No public first-party source from OpenAI, Anthropic, Google, Microsoft, or Perplexity discloses a browsable feed of real user prompts. Query fan-out and prompt rewriting are real and partly observable through the API. The best defensible workflow is a proxy built from public search demand, labelled as one.

No public source shows that anyone has comprehensive access to platform-wide AI chatbot prompt logs. Query fan-out and prompt rewriting are real and partly observable. Public search demand is the strongest documented proxy for likely chatbot intent. The defensible workflow is a proxy system built from public signals, usage research, and controlled API runs. It should be labelled as a proxy, not sold as a feed. This article separates what is provable from what is asserted, and treats the gap as a measurement-ethics question.

The category's prompt-tracking claims need disambiguation, not denial

AI visibility vendors say they track the prompts that matter for a brand. The implicit promise is visibility into what real users type into ChatGPT, Perplexity, and Gemini. The actual mechanism behind that promise is rarely disclosed in the pitch.

Some vendors are explicit about the limit in their own documentation. Otterly's help content recommends building a prompt set from brand terms, domains, industries, URLs, and SEO keywords Otterly AI · 2024. That is a construction method, not a feed of observed user prompts. Peec's onboarding documentation describes the same shape of workflow, where the customer supplies the inputs the tool then runs Peec AI · 2024.

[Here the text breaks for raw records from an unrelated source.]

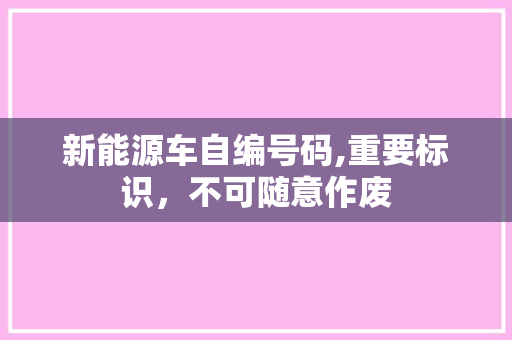 新能源车自编号码,重要标识，不可随意作废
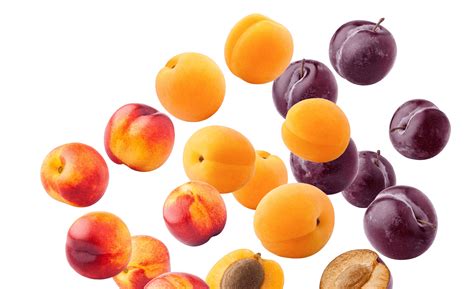 Examples Of Stone Fruits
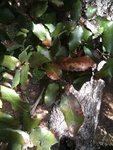 IMG_1723.JPG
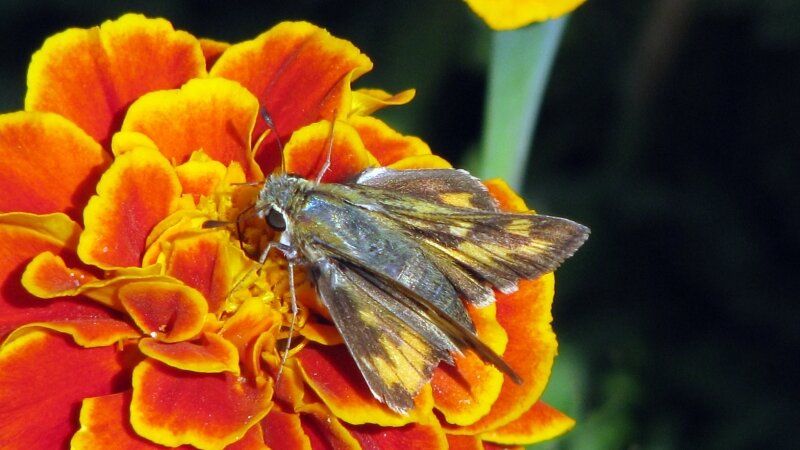 "Moth On A Flower"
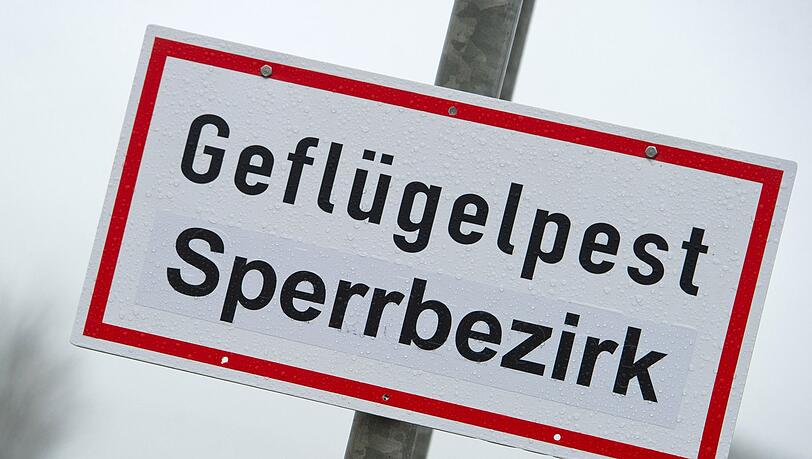 Ein Schild mit der Aufschrift "Geflügelpest Sperrbezirk". Ein Schild mit der Aufschrift "Geflügelpest Sperrbezirk".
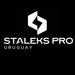 Staleks Pro Nail Drill Bit Kit 4 1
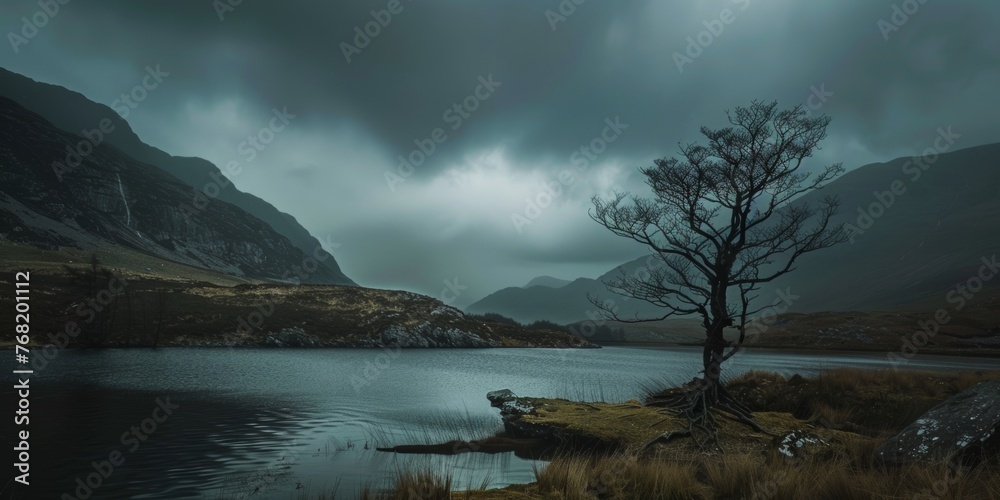 A lone tree stands on the shore of a lake under a dramatic grey sky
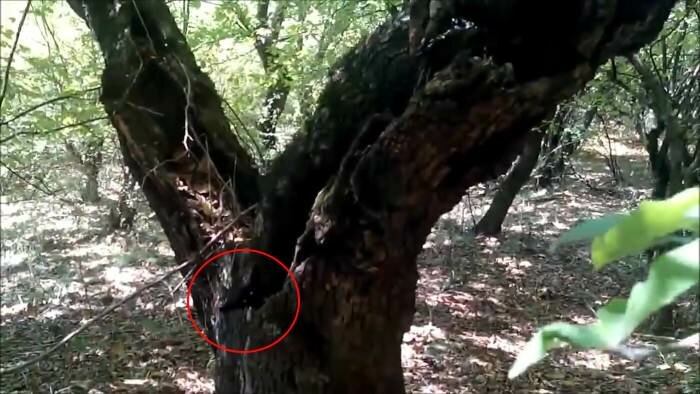 Персонаж из известного мультфильма: в азербайджанском лесу лесничий увидел аномальное существо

The question is not whether prompt tracking is fraudulent. It is what the word "track" is doing. A vendor that builds a prompt set from public inputs is doing useful work. A vendor that implies it reads live user conversations is making a claim public evidence does not support.

No public source shows comprehensive access to real chatbot prompts

The strongest defensible statement here is bounded, not absolute. No public first-party source from OpenAI, Anthropic, Google, Microsoft, or Perplexity discloses a browsable feed of real user prompts. The phrasing matters: no public evidence reviewed here shows such a feed exists, which is different from claiming no non-public data exists anywhere.

The first-party documentation that does exist describes mechanisms, not dumps. OpenAI's help content explains how ChatGPT Search behaves for a user, without exposing other users' queries OpenAI · 2024. The web-search API documentation describes what a caller can observe from their own requests, not a global query stream OpenAI · 2025. Otterly confirms the gap from the other side. Its help content states there is no way to learn which prompts are most asked at ChatGPT or Perplexity Otterly AI · 2024.

Any vendor implying platform-wide prompt visibility is asserting something past the public record. The honest position is the bounded one.

Four first-party findings are actually proven

Four findings from primary sources support a real but limited workflow. Each is documented by the platform itself, which puts it on firmer ground than vendor inference.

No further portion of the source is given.